For emotional strength

For happiness

For health

For fun

For a mental and emotional release

For self care

For self love NOT self loathing

For recovery NOT an unattainable ideal

To gain strength NOT to lose weight

 

Why do you workout?

As you move through your week, I challenge you to ask yourself why you work out? Are you being true to your recovery? Are you truly practicing self-love and self-care? Lets allow ourselves a moment of truth and honesty and bring some awareness to the fact that food is fuel, exercise is for health, and they do not need to be tied to each other. You do not need to work out in order to eat that piece of pizza or that piece of bread, you deserve food because you are a human being.

The Fitness Culture within ED Recovery

We live in a fitness driven culture, and there are healthy ways to co-exist and thrive within this intense culture, therefore over the next few weeks, I will touch on how individuals within ED Recovery can succeed within today’s intense fitness culture. This #MotivationIsNotJustForMondays post is an overview of the current fitness culture, and how it affects those within ED and ED Recovery.

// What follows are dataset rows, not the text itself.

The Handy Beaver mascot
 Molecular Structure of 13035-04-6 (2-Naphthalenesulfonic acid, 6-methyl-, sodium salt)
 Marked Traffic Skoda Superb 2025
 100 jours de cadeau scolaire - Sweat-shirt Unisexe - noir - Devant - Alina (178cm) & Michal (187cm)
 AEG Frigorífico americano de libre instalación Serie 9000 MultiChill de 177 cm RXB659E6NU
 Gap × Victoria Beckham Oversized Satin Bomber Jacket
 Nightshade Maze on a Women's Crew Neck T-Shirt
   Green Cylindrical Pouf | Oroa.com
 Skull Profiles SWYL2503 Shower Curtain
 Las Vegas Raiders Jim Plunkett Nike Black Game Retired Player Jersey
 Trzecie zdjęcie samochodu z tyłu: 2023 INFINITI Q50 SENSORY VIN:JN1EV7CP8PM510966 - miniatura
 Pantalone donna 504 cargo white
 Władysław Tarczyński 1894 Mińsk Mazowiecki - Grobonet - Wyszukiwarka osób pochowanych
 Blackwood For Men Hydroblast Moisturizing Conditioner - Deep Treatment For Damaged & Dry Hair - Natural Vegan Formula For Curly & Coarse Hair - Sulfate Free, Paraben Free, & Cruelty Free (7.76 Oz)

Millennials…this is somewhat of a tainted word in my book…. why you ask? Because it is a label that my peers, and myself fall under, a label that is saturated in shame, false assumptions, and negative perceptions, therefore I cringe when using this term, because in reality Millennials are incredibly innovative, hard working, and understand the balance between work, health and happiness.

Across the country, Millennials have revolutionized exercise, more so than any other generation. Think of all of the gyms, fitness clubs, yoga studios, barre boutiques, and spin classes with cult like followings, and even fitness apps where you can have access to a fitness class literally at your fingertips (See my Skyfit app posts…linked here). Yes, this generation has changed the way the world looks at physical activity, and health; statistics even prove that Millenials are the healthiest generation as of yet. 81% of Millennials claim to exercise on a regular basis, compared to that of 61% of Baby Boomers…therefore 76% of all regular exercisers are Millennials. Therefore, Millennials have had a major impact on exercise culture. For more statistics click here.

There are so many pros within this new view on physical activity, in that it creates a new focus on overall health within our every day lives. Focusing on health and wellbeing is a beautiful thing that I, and most helping professionals promote. Although, it is important to remember that when within a state of recovery, or a vulnerable state within your Eating Disorder (ED), it can be somewhat dangerous to engage within this exercise focused culture. I am not, by any means, saying that this fitness culture is negative or bad, instead I am pointing out the risks and dangers within this culture when living with ED.

For instance, as a millennial (cringe), a major part of my self-care is exercise and physical activity, but the intense hype that exercise receives on a social basis is incredibly triggering and intimidating for me within my own recovery. I consider myself far along within my recovery, and many professionals would consider me fully recovered, therefore it says a lot that I feel triggered within this fitness culture.

This fitness culture, focused around the intensity of exercise, can be incredibly triggering for anyone within ED Recovery. Certain messages can be persuasive to push oneself harder than necessary, to carry unhealthy motivations behind one’s exercise, and cause for behaviors that are detrimental to one’s recovery.

While we co-exist within this intense, pro health, fitness culture, it is crucial to stand close to your recovery and continue to bring awareness to the motivations behind your exercise. So as you move through this weekend, I challenge you to acknowledge the feelings that are raised while we live within this culture. I challenge you to find healthy motivations, and to keep yourself safe within your recovery as you partake in self care, whether that be through physical activity or not!